4. Create action plans and set milestones
Each objective can then be developed into an action plan, with a specific person allocated responsibility for each task. The action plan should include milestones that state when certain actions should be accomplished. Referring to the example used before, milestones for the implementation of an intrusion detection tool could include the acquisition date, installation date, testing date, and date on which it will be fully operational.

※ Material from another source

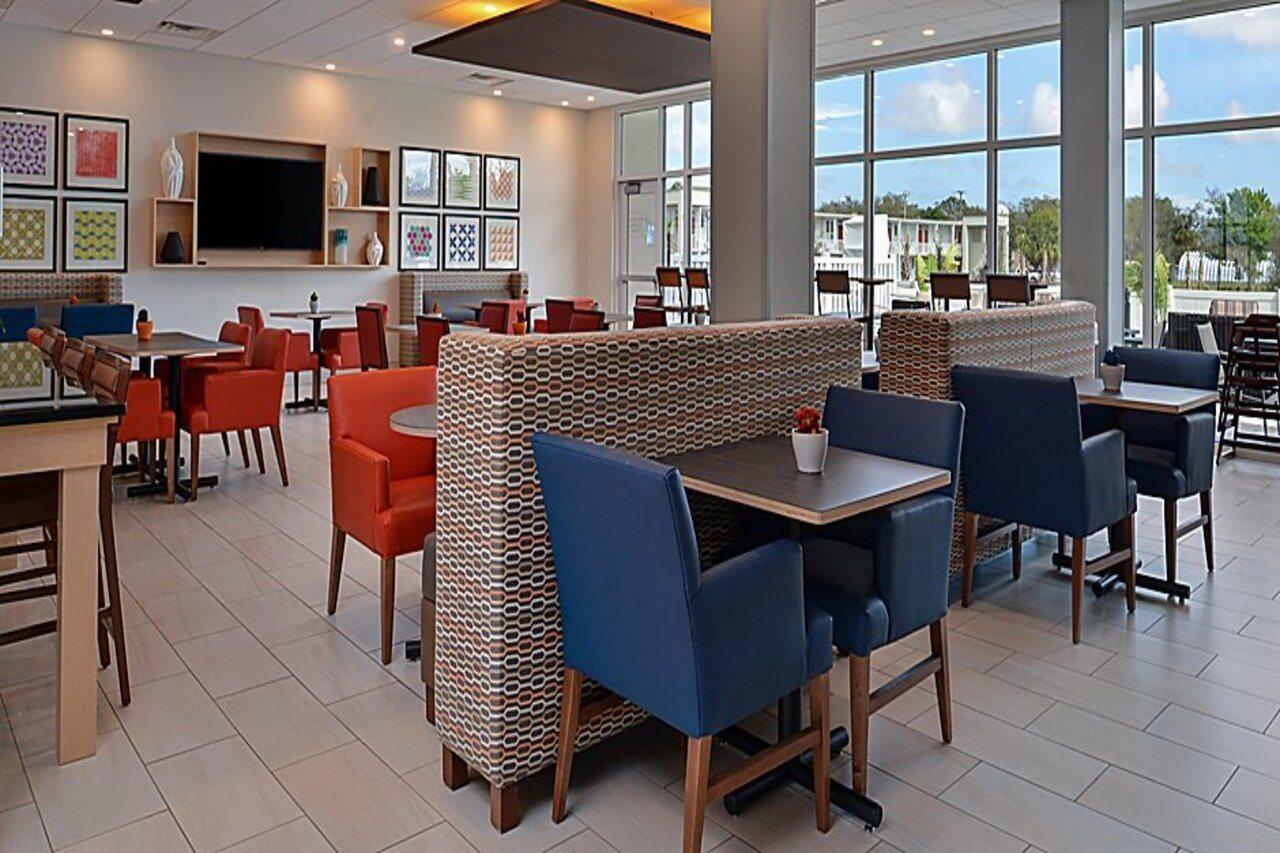 Holiday Inn Express Melbourne West By Ihg West Melbourne Εξωτερικό φωτογραφία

5. Use metrics to measure progress
Metrics are used to measure whether goals and objectives have been achieved successfully. It provides management with the information necessary to make decisions, and aids in holding stakeholders accountable. Metrics can range from impact measures (such as return on investment), to effectiveness and efficiency measures (such as the number of system-level controls that are implemented). It is important that the metrics used by the organization are specific to the nature of its goals and objectives.

6. Make improvements
Management should regularly check on the progress made on the achievement of objectives, as there is no purpose in compiling a strategy if it is not implemented. Mechanisms should be in place to improve metrics that are not being met. This might require updates to the action plans, or the allocation of more resources to meet the objectives. Regular feedback should be given to relevant stakeholders on the progress made. Lastly, the risk mitigation strategy should be reviewed and updated on a regular basis to ensure that it remains current and relevant to the organization’s operations.

Challenges when implementing a Strategy

Depending on the requirements of an organization’s strategy, leaders may face several pitfalls during implementation. Management should be aware of the challenges associated with implementation, including the following:

  • Compliance: Ensure that the strategy complies with the legal and regulatory requirements of the country in which the organization operates. It’s important to keep in mind, however, that laws and regulations change, particularly as the business landscape evolves. The strategy should change accordingly, if necessary.
  • Collaboration: Collaboration between different departments within an organization is often required when implementing a strategy. Roles and responsibilities must be allocated to each task, and a common methodology should be established. The completion of tasks across departments should be tracked, especially if one department’s tasks are dependent on the completion of another department’s tasks. The interdepartmental nature of an enterprise wide strategy might also result in tension between the different managers when it comes to the allocation of resources and the timeframes allocated to tasks. Keep in mind the leadership and governance structures provide principles on ensuring the holistic integration of a company’s culture.
  • Allocating financial resources: It might be difficult to obtain the necessary financial resources to implement the plan successfully, as there are usually competing needs within an organization.
  • Allocating human resources:  The implementation of some of the goals included in the strategy might require skills and expertise that the organization does not have. This will require the recruitment of additional human resources, which will have operational and financial implications.
  • Appropriate metrics: There might be differences in opinion as to which metrics should be used to measure the successful implementation of the plan. 
  • Adaptability:  The business landscape is constantly changing, and new threats regularly arise. Therefore, strategies should be agile and reviewed on a regular basis, as some of the strategic goals might have to be updated.

Due to the complexities involved in the implementation of an enterprise wide strategy, an organization should appoint a leader who is responsible for the development and implementation of the strategy. This person should have the necessary skills and expertise to address the challenges that arise, and should have the authority to ensure that the strategy becomes a practical reality instead of just a paper exercise.